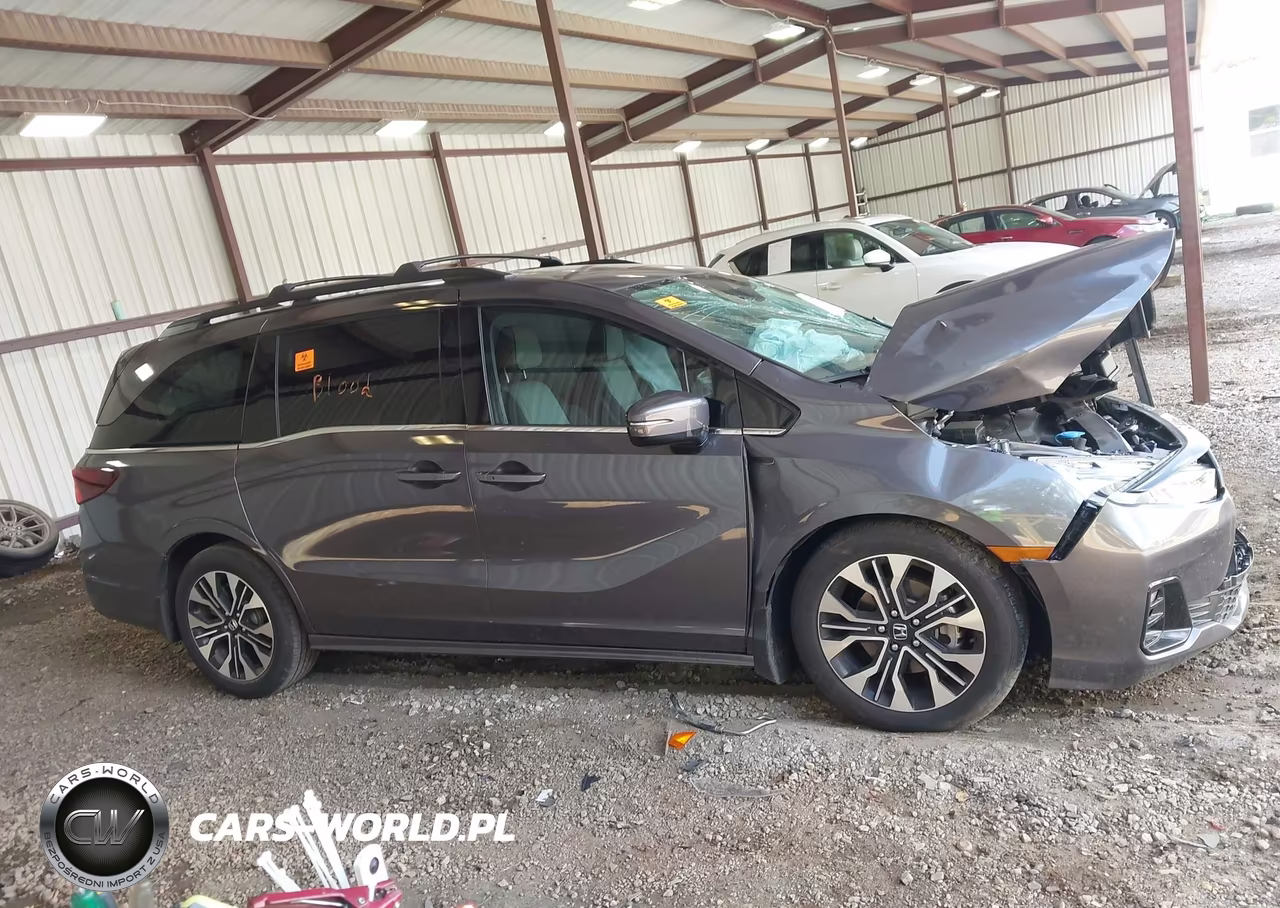 2025 Honda Odyssey Elite VIN:5FNRL6H90SB047179 - 14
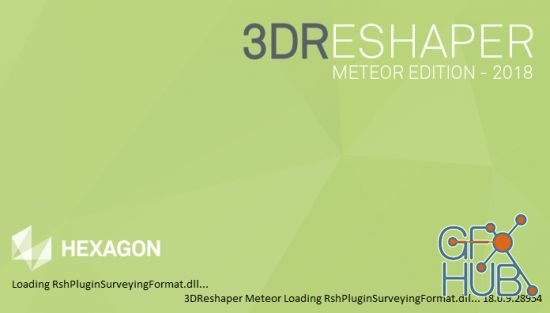 Technodigit 3DReshaper Meteor v18.0.9.28954 2018 Win x64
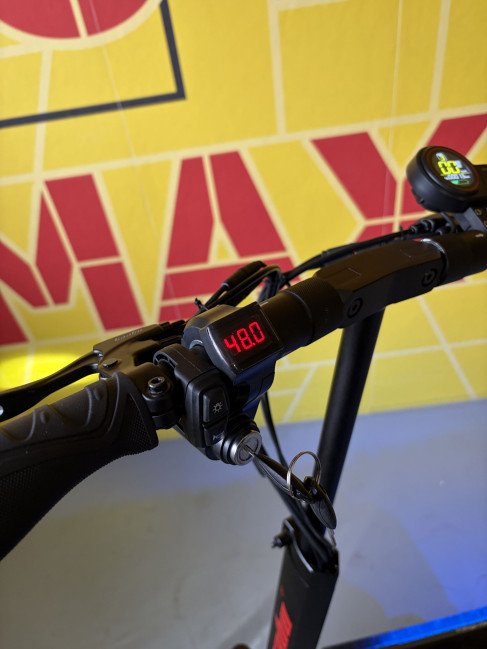 Kaabo Skywalker 10H ECO - ridden for 12 km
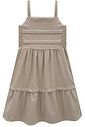 Vestido em linho blend 94416 Vic Teen Menina Vestido em linho blend 94416 Vic Teen Menina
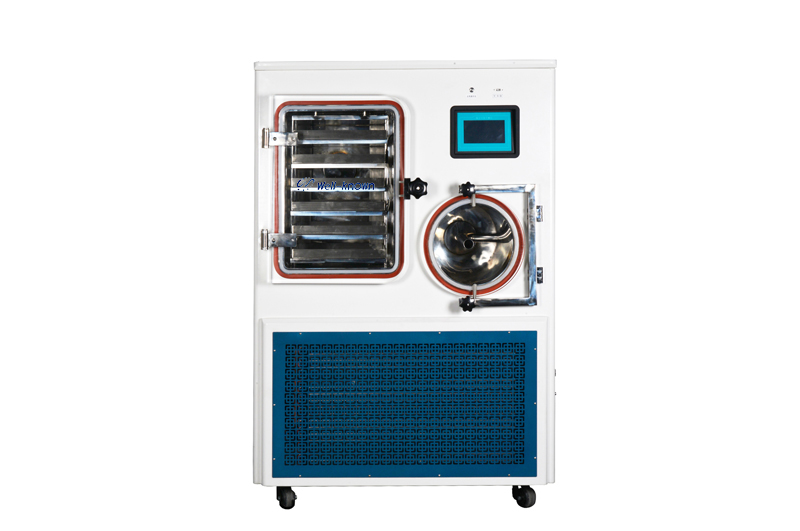 Pilot Freeze Dryer WK-100F 1.08m² 15kg/batch -80℃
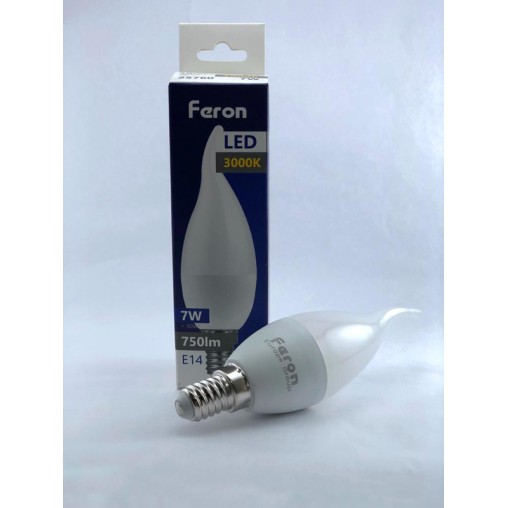 LAMPARA LED VELA VIENTO E14 LC 3000K 750LM - 7 W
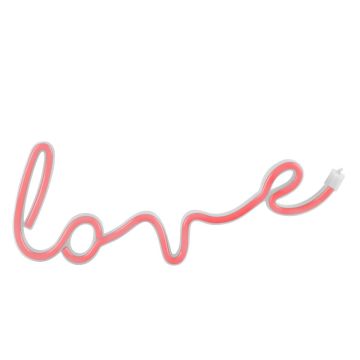 Polux LOVE 327116 Neonové osvětlení 1x3W/LED IP20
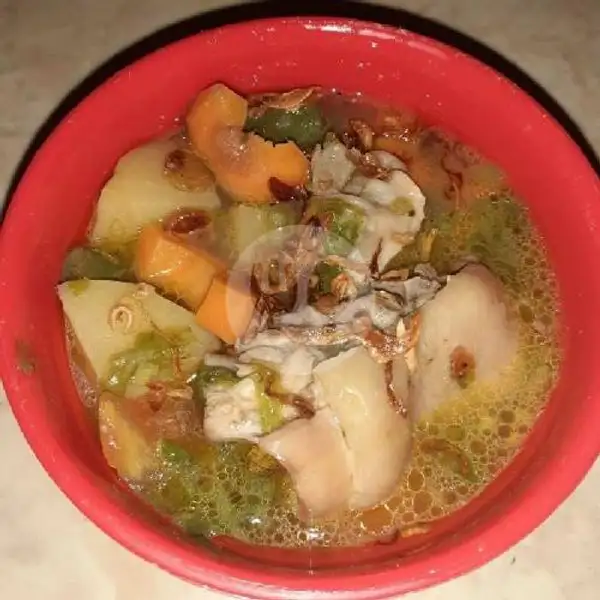 Sop Ayam | Warung Sudarmo, Nongsa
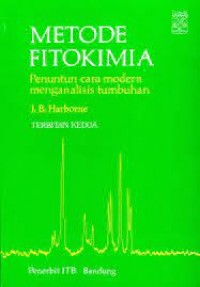 Metode Fitokimia: Penentuan cara moderen menganalisis tumbuhan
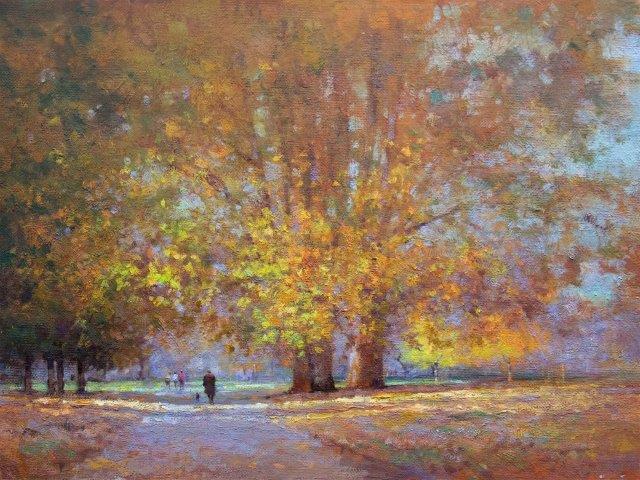 Matthew Alexander Autumn in Hyde Park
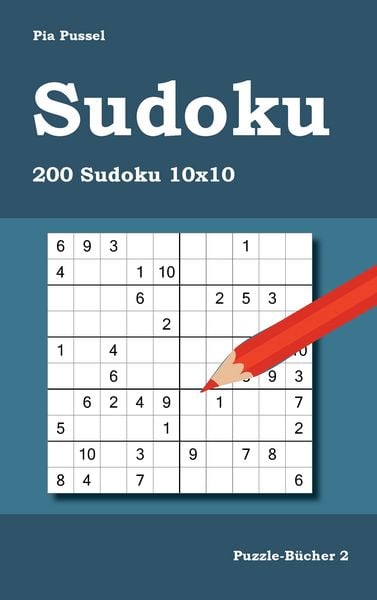 Produktbild: Sudoku 200 Sudoku 10x10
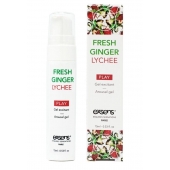 Возбуждающий гель Fresh Ginger Lychee Arousal Gel - 15 мл. - Exsens - купить с доставкой в Новокузнецке
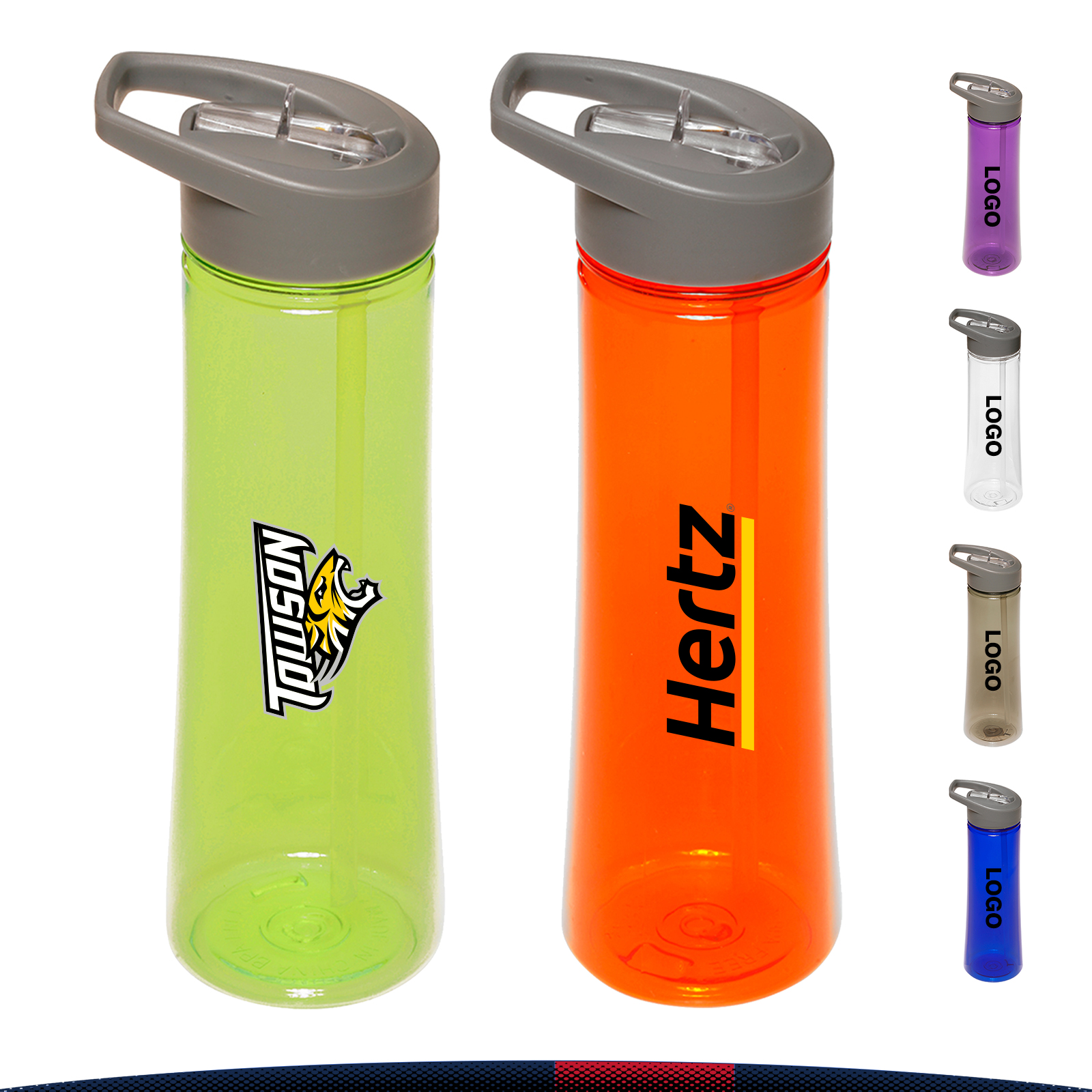 Nodice Plastic Sports Bottle - 22 OZ. 5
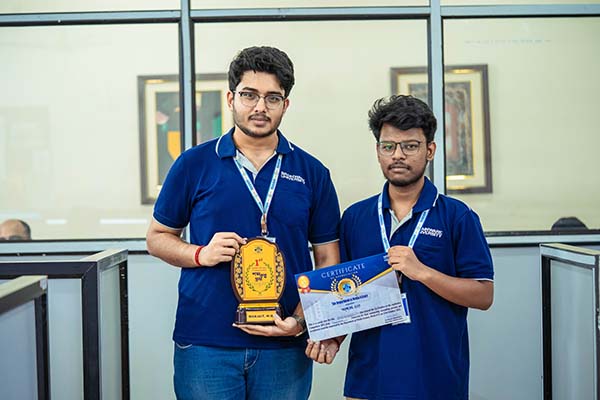 1st prize at MAKAUT's audio drama competition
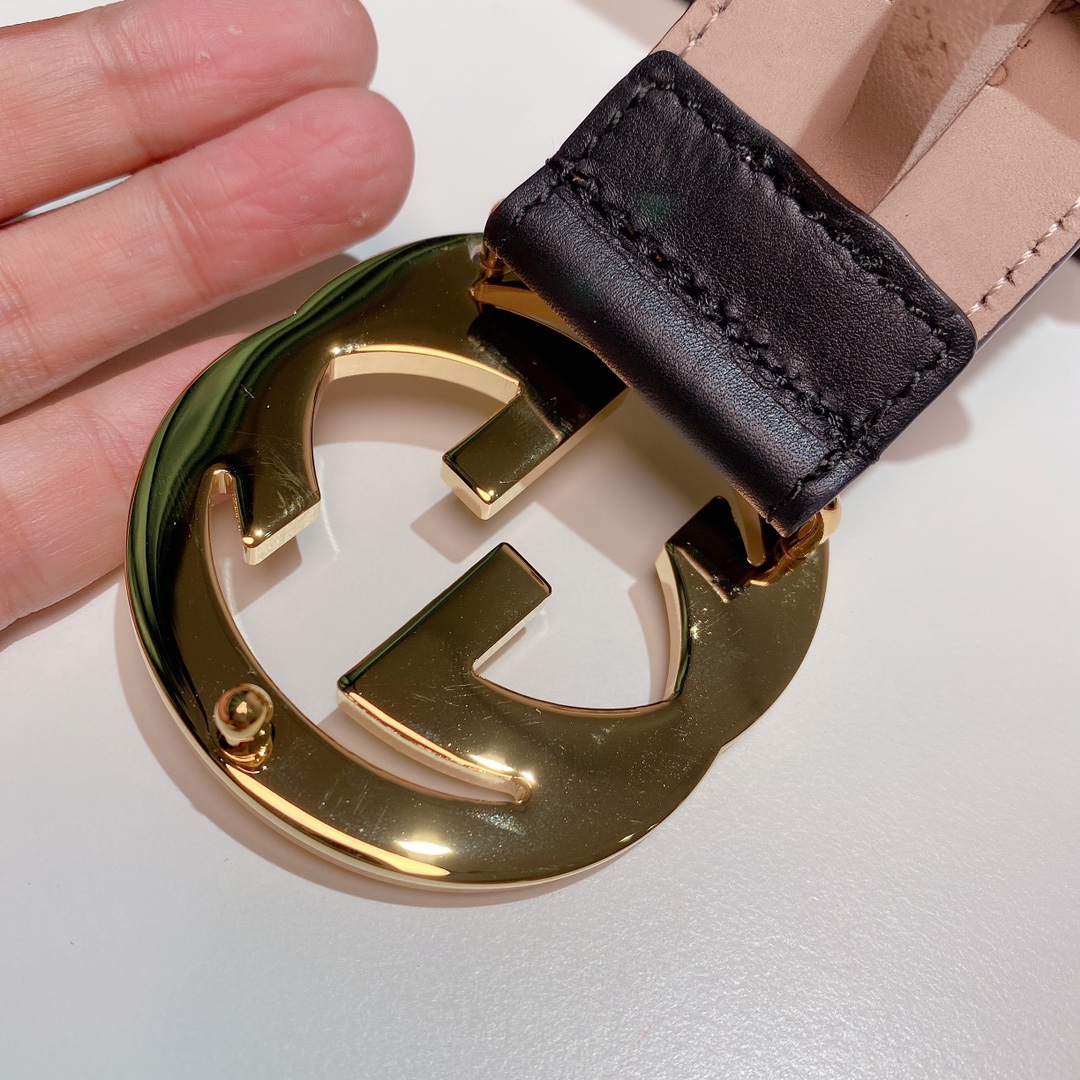 Gucci4cm经典红绿织带官网潮流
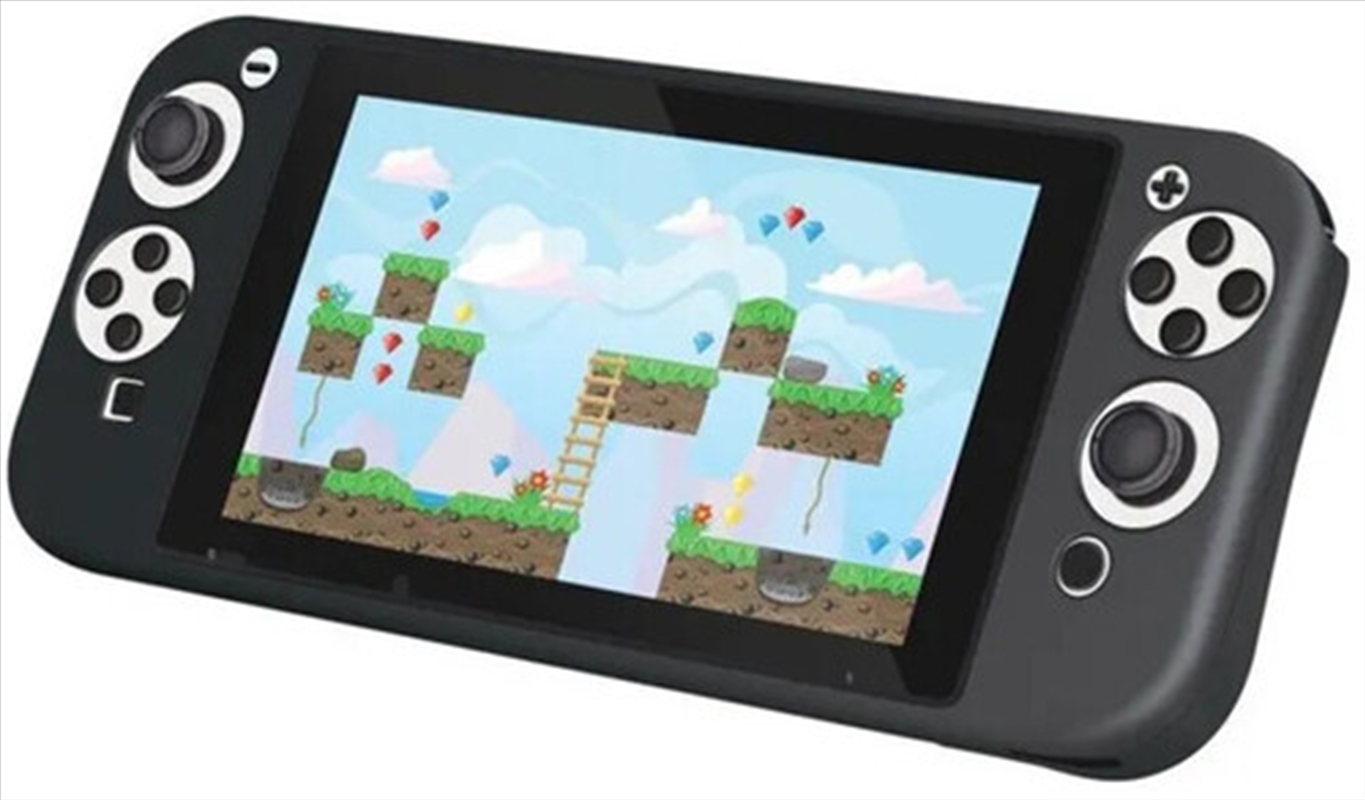 Dreamgear DGSWO-6552 Comfort Grip Nintendo Switch - OLED Model (Black)/Product Detail/Consoles & Accessories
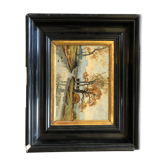 Painting landscape René Ligeron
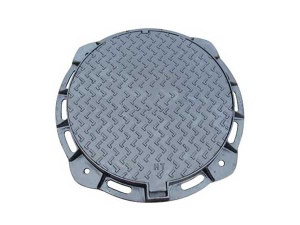Ductile iron manhole cove EN124 D400 - Manhole cover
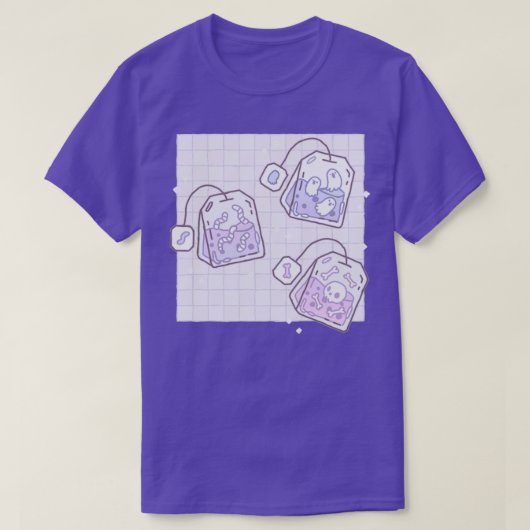 Cute Tea 1 T-shirt (Design voorkant)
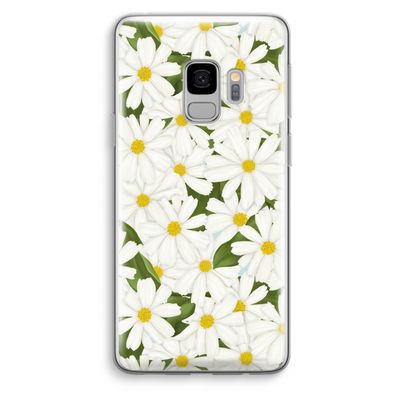 Summer Daisies: Samsung Galaxy S9 Transparant Hoesje
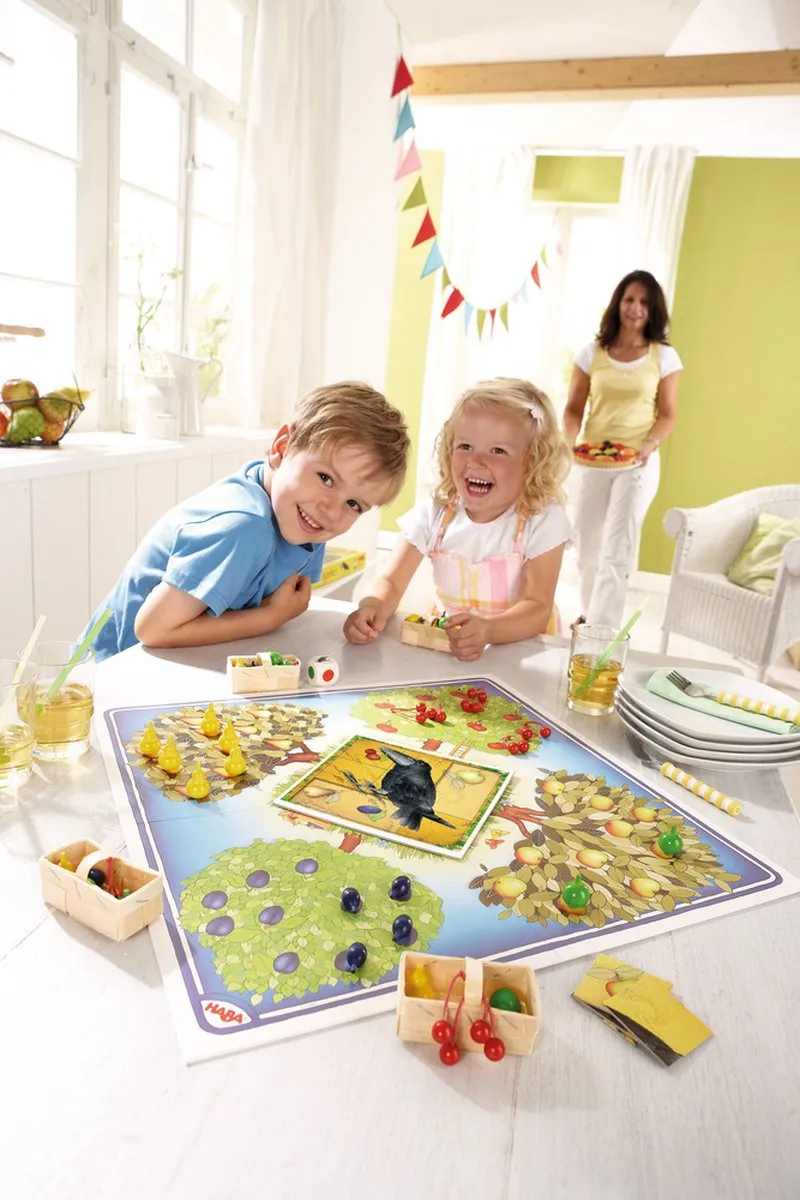 Haba De Boomgaard Spel 5170 - Fruitspel - 1-8 Spelers - Multicolor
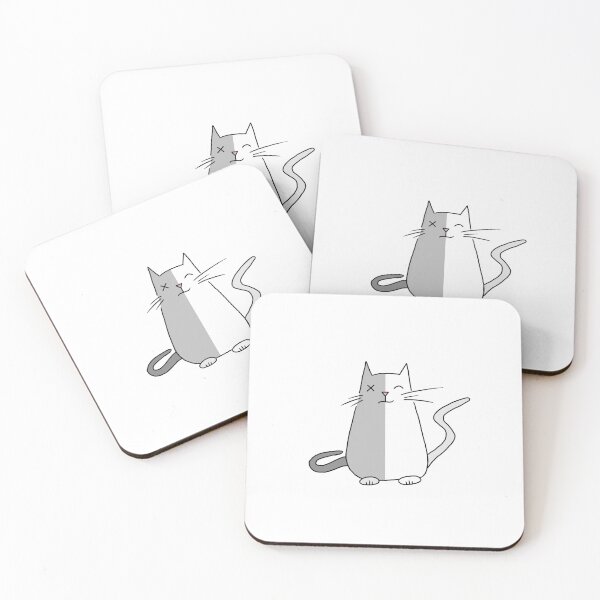 Item preview, Schrödinger's Cat designed and sold by EarthyUndertone.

- _Action item_:
Word for word, restate all of the material, omitting the images.

- _Answer for this exercise_:
 2025 Honda Odyssey Elite VIN:5FNRL6H90SB047179 - 14
 Technodigit 3DReshaper Meteor v18.0.9.28954 2018 Win x64
 Kaabo Skywalker 10H ECO - ridden for 12 km
 Vestido em linho blend 94416 Vic Teen Menina Vestido em linho blend 94416 Vic Teen Menina
 Pilot Freeze Dryer WK-100F 1.08m² 15kg/batch -80℃
 LAMPARA LED VELA VIENTO E14 LC 3000K 750LM - 7 W
 Polux LOVE 327116 Neonové osvětlení 1x3W/LED IP20
 Sop Ayam | Warung Sudarmo, Nongsa
 Metode Fitokimia: Penentuan cara moderen menganalisis tumbuhan
 Matthew Alexander Autumn in Hyde Park
 Produktbild: Sudoku 200 Sudoku 10x10
 Возбуждающий гель Fresh Ginger Lychee Arousal Gel - 15 мл. - Exsens - купить с доставкой в Новокузнецке
 Nodice Plastic Sports Bottle - 22 OZ. 5
 1st prize at MAKAUT's audio drama competition
 Gucci4cm经典红绿织带官网潮流
 Dreamgear DGSWO-6552 Comfort Grip Nintendo Switch - OLED Model (Black)/Product Detail/Consoles & Accessories
 Painting landscape René Ligeron
Ductile iron manhole cove EN124 D400 - Manhole cover
 Cute Tea 1 T-shirt (Design voorkant)
 Summer Daisies: Samsung Galaxy S9 Transparant Hoesje
 Haba De Boomgaard Spel 5170 - Fruitspel - 1-8 Spelers - Multicolor
 Item preview, Schrödinger's Cat designed and sold by EarthyUndertone.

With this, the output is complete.